IMS-MS data analysis is supported with the PEAKS IMS add-on tool, which offers an additional dimension of separation when used with LC-MS/MS spectrometry.

PEAKS QC is a tool within PEAKS that provides automated quality control of results obtained from analyses. QC allows for the assessment of statistical information of the raw data and results, which can provide more information on the attributes of the LC-MS acquisition.

Many algorithms and features of PEAKS Studio and PEAKS Online have been adapted and developed into multiple other software in the PEAKS suite. This list includes PEAKS AB, the first method for automatic monoclonal antibody sequencing; PEAKS GlycanFinder, a project focused on glycan profiling and identification; and ProteoformX, capable of intact and top-down proteomic mass analysis.

==Uses in Proteomics==

The software is used in proteomics research for the analysis and interpretation of mass spectrometry data. Applications include protein identification, peptide quantification, post translation modifications (PTM) analysis, and computer proteomics.

The software has been used in biomarker discoveries, clinical and pre-clinical proteomics, cancer proteomics, plant proteomics, pharmaceutical research, and systems biology. The software can be used to interpret these data sets by feature extraction and identification from raw data.

DIA data analysis, available in PEAKS software, supports the identification of peptides that are highly differentiated and are presented in low quantities. DIA captures MS2 spectra of low abundance peptides, and the use of a spectral library and de novo peptide sequencing workflow is Incorporated to identify peptides from mass spectrometry data.

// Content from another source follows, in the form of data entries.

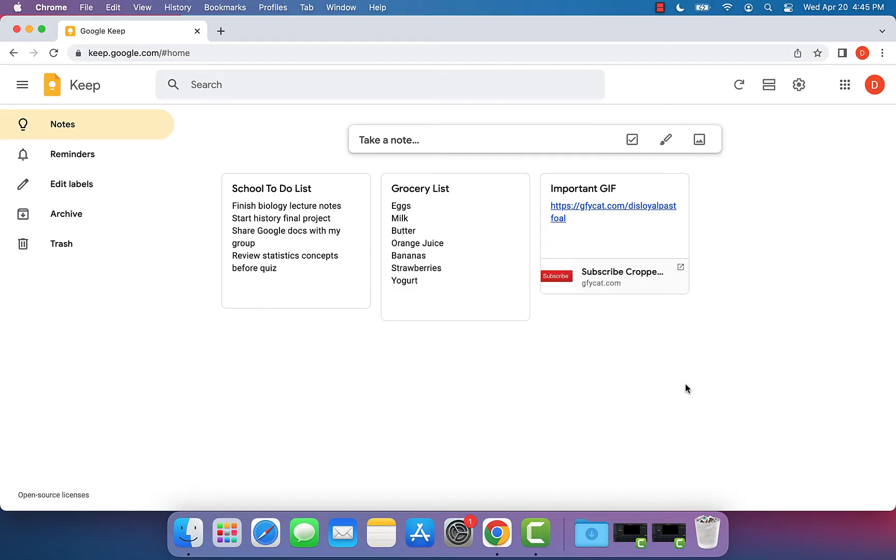Thankfully Google makes this very easy and simple and you can do this both online or on a mobile device.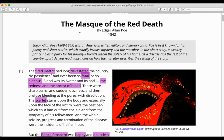The Red Death had long devastated the country. No pestilence had ever been so fatal or so hideous. Blood was its avatar and its seal, the redness and the horror of blood. There were sharp pains and sudden dizziness and then profuse bleeding at the pores with dissolution. The scarlet stains upon the body and especially upon the face of the victim were the pest ban which shut him out from the aid and from the sympathy of his fellow men, and the whole seizure, progress and termination of the disease were the incidents of a half an hour.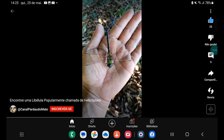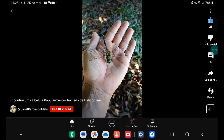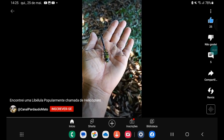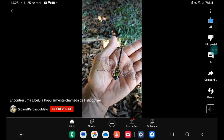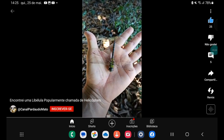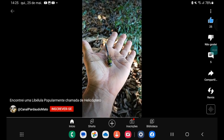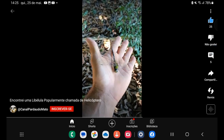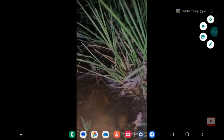It was on the floor, I put it on my hand, look at it. This is when we...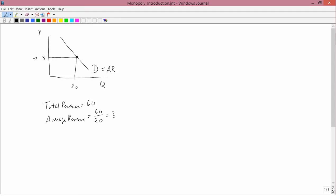If average revenue is falling, then marginal revenue is below it. Marginal revenue doesn't necessarily have to be falling — it could be rising or have weird shapes — but marginal revenue has to stay below average revenue. The reason is average is falling, so marginal is below it. That's a fundamental mathematical property of averages and marginals, which we discussed quite a while ago.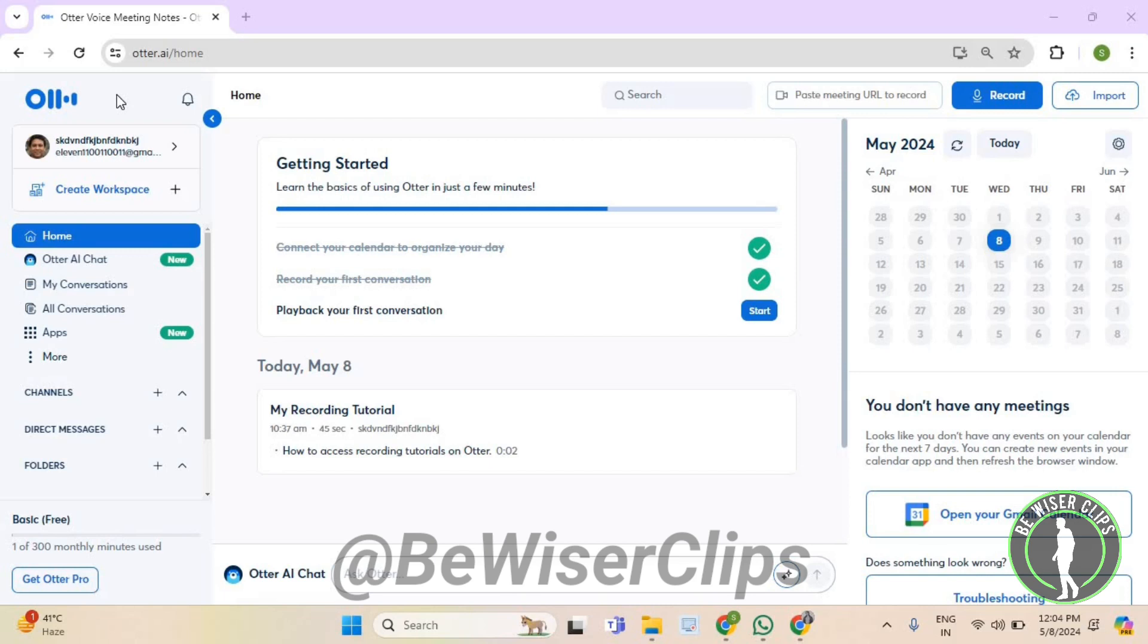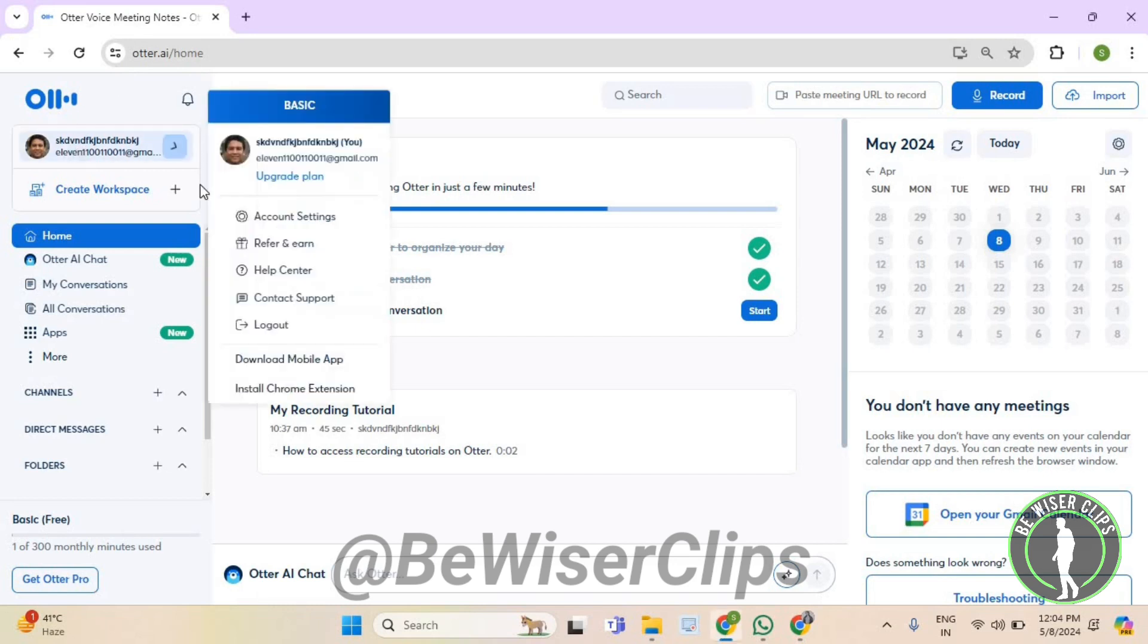So for that guys, first of all, you will need to log into your account on otter.ai. Now select your name, which is on your top left corner.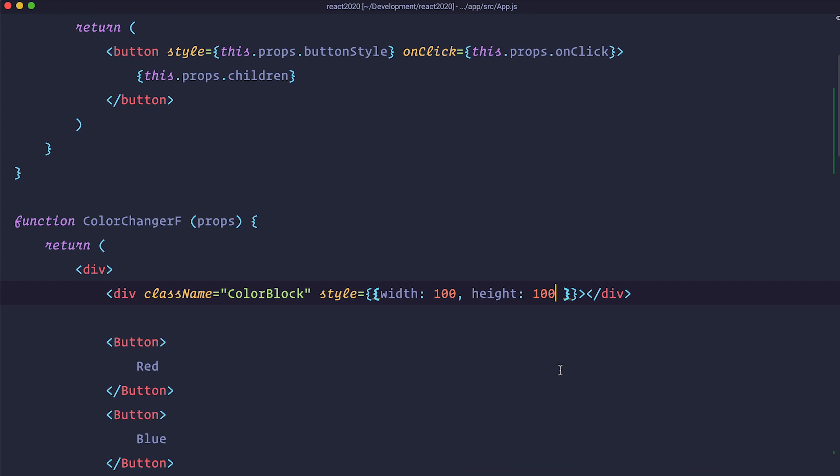And we are just going to put background of white right here because we need to give some color to our block. Okay so let's check this out.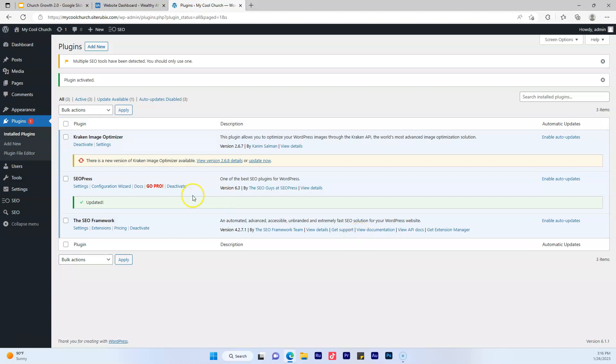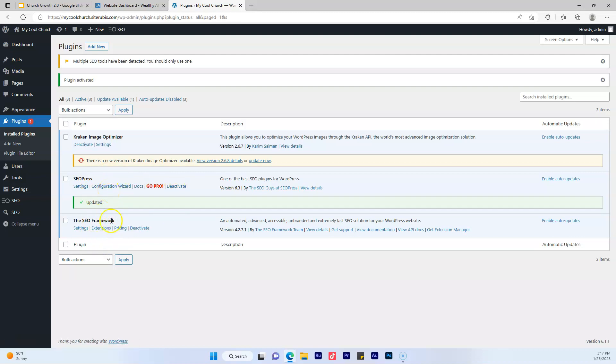Okay. Now I have two plugins installed. This one came with my website, but this one I installed. So I wanted to show you how to install an SEO plugin just in case your website doesn't come with one. Okay. All right. Let's go to the next lecture.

Protein, peptide, etc. databases in .fasta format from sources such as Uniprot and PRIDE can be used with PEAKS. Mass spectrometry data and workflows generated by instruments and software from a multitude of vendors is possible as PEAKS is vendor neutral software. Examples include ThermoFisher Scientific (e.g XCalibur), Sciex (e.g SCIEX MS Data Converter Software) Bruker (e.g Bruker DataAnalysis) and Agilent (e.g MassHunter or OpenLab).